Tag Archives: Tatsunori Hara

NPB 2020 Oct. 30

Friday’s games

Other news

Giants tie up title

The Yomiuri Giants got exactly what they needed to clinch their second straight pennant on Friday after the second-place Tigers tied. Knowing Hanshin had been held to a 3-3 tie in Yokohama.

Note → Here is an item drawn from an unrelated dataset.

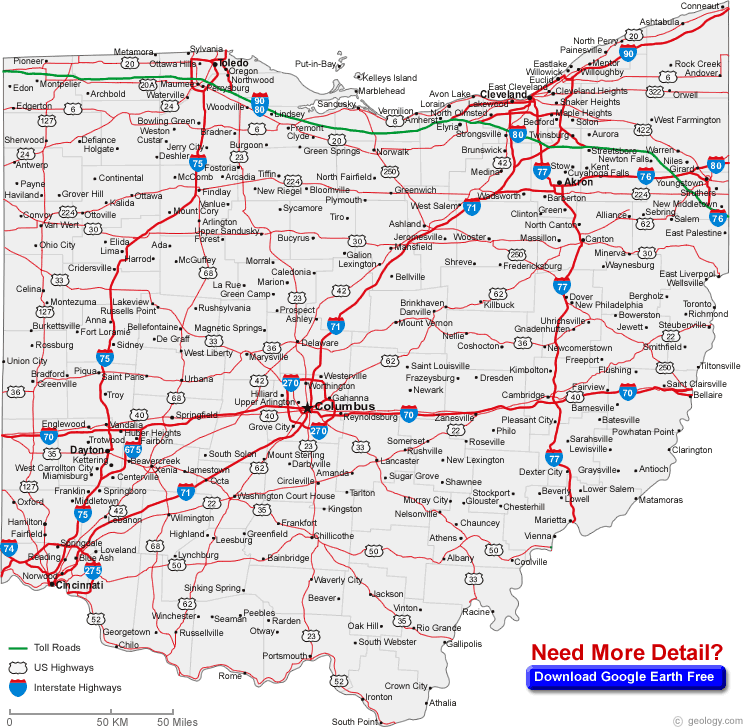 map of ohio cities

The Giants began celebrating as soon as they held the Yakult Swallows scoreless in the top of the 10th at Tokyo Dome in their own 3-3 tie.

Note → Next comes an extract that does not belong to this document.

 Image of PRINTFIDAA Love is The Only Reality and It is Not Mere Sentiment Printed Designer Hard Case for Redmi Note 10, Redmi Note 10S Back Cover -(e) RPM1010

The Swallows tied it 3-3 in the eighth, and Scott McGough allowed the Giants to load the bases in the bottom of the ninth but kept them from scoring, which was pretty much the story of the game as both team had big chances to score but failed at the last hurdle.

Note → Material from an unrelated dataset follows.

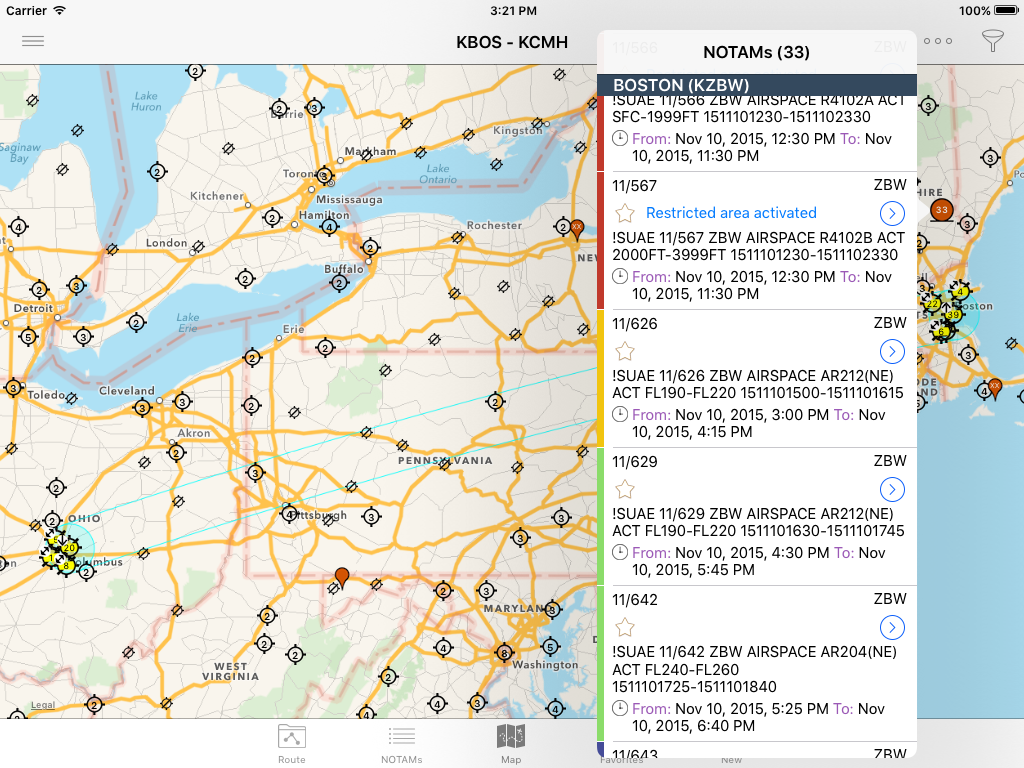 Look at your route's NOTAMs or for any airport shown on the map.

Giants manager Tatsunori Hara, whose team remained mired in a five-game losing streak and who barely scraped out a tie, said the game was a fitting pennant clincher in a season that only barely happened and said he was proud of the effort baseball had made to get it in.

The Swallows tied it in the fifth but failed to break the game open, stranding multiple runners in scoring position in the fifth and seventh.

The Giants, turned away in the fourth by starter Hiroaki Saiuchi, took the lead in the sixth when Yoshihiro Maru doubled and scored on a Takumi Oshiro single but left the bases loaded against rookie Naruki Terashima.

Kazuma Okamoto put some juice with a one-handed swing on a low straight fastball from Saiuchi in the bottom of the third to raise his league-leading home run total to 29 and make it a 2-1 game after Taishi Hirooka homered off Nobutaka Imamura in the top of the third.

Hirooka singled in the fifth, stole second and scored the tying run on singles by 19-year-old rookie Hideki Nagaoka and Yasutaka Shiomi.

Giants captain Hayato Sakamoto, their 31-year-old shortstop, moved within four hits of 2,000 in his career. Giants flame thrower Thyago Vieira hit 101 mph on the gun in the Swallows’ scoreless 10th.

Giants-Swallows highlights

BayStars tackle Tigers

Jose Lopez tied it in the ninth with a two-run home run off Tigers closer and fellow Venezuelan Robert Suarez. Lopez’s homer was his 10th of the season and his 999th hit since coming to Japan in 2013 with the Giants. With one more hit he will join Hideki Matsui and former Seattle Mariners teammate Ichiro Suzuki as third player with 1,000 hits in both MLB and NPB.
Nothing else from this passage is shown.